## DATASET EXCERPT
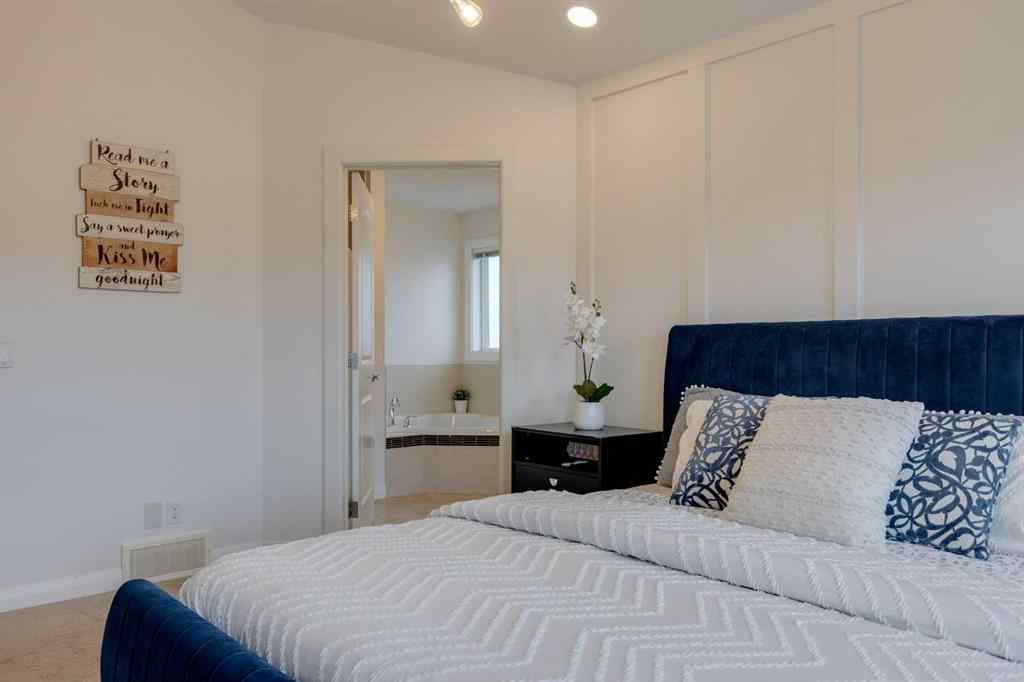 MLS® A2248652 - 136 Kinniburgh Gardens  in Kinniburgh North Chestermere, Residential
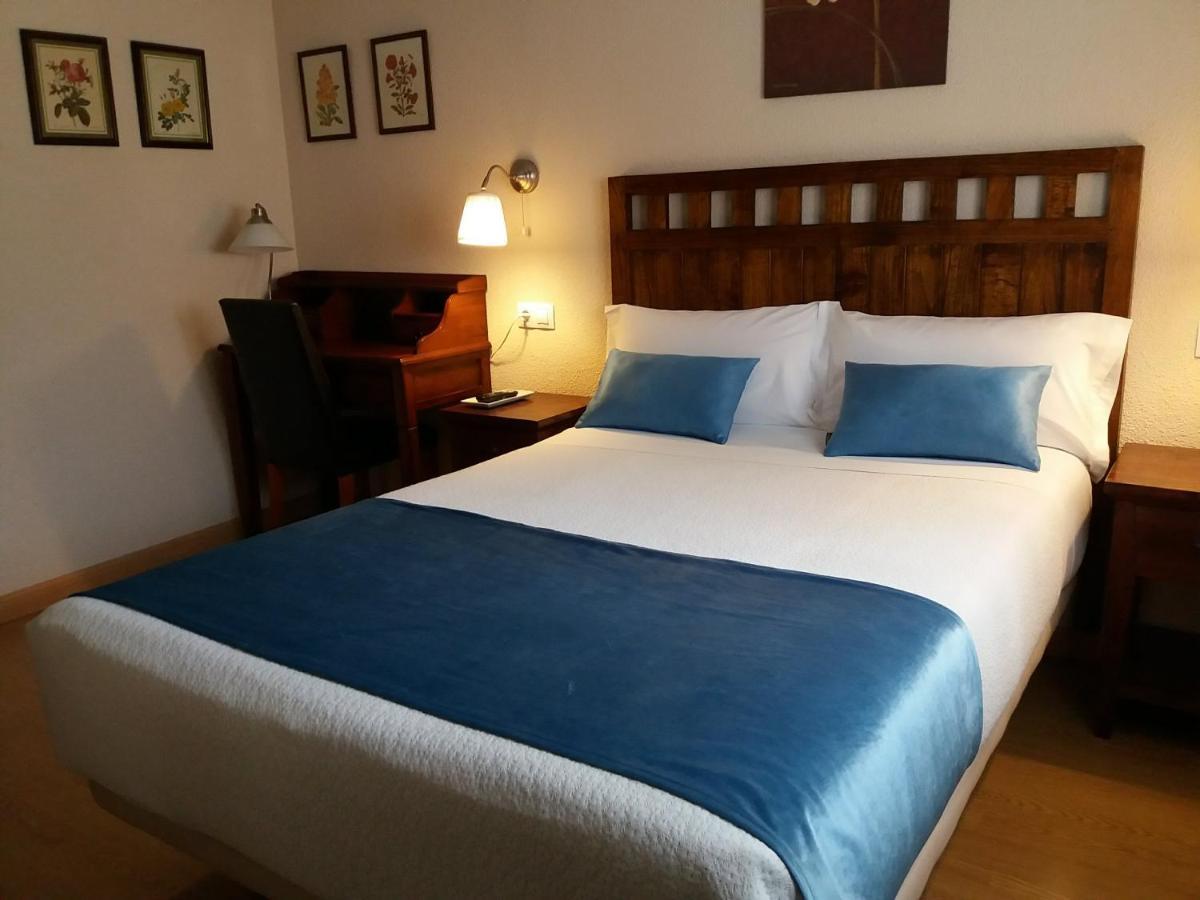 Hostal Rural Moratin بسترانا المظهر الخارجي الصورة
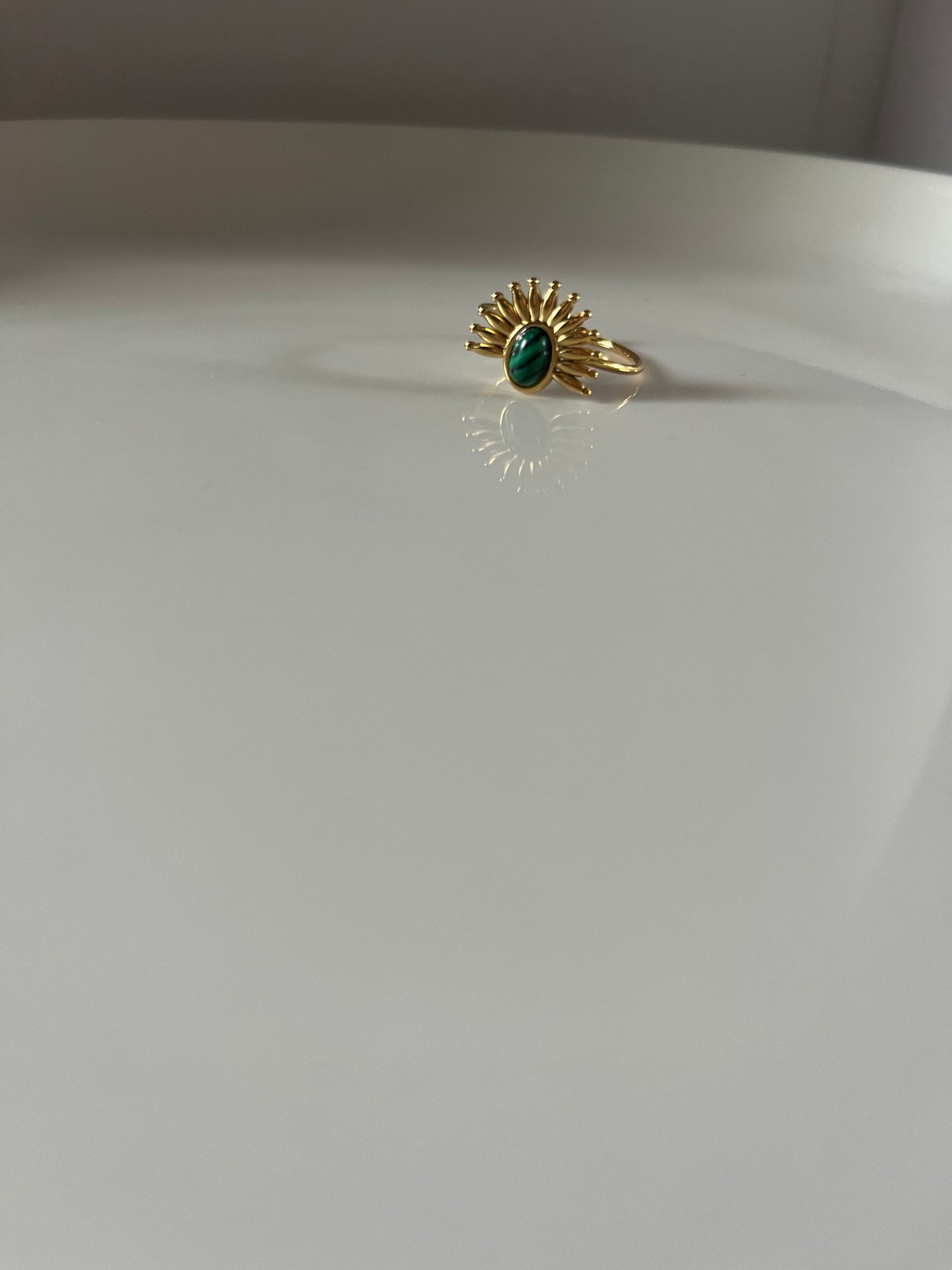 Aure l Bague ajustable dorée verte ou bleu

## EXERCISE GOAL
Exact transcription of the full listing above is required; images do not belong in it.

## WORKED SOLUTION
 MLS® A2248652 - 136 Kinniburgh Gardens  in Kinniburgh North Chestermere, Residential
 Hostal Rural Moratin بسترانا المظهر الخارجي الصورة
 Aure l Bague ajustable dorée verte ou bleu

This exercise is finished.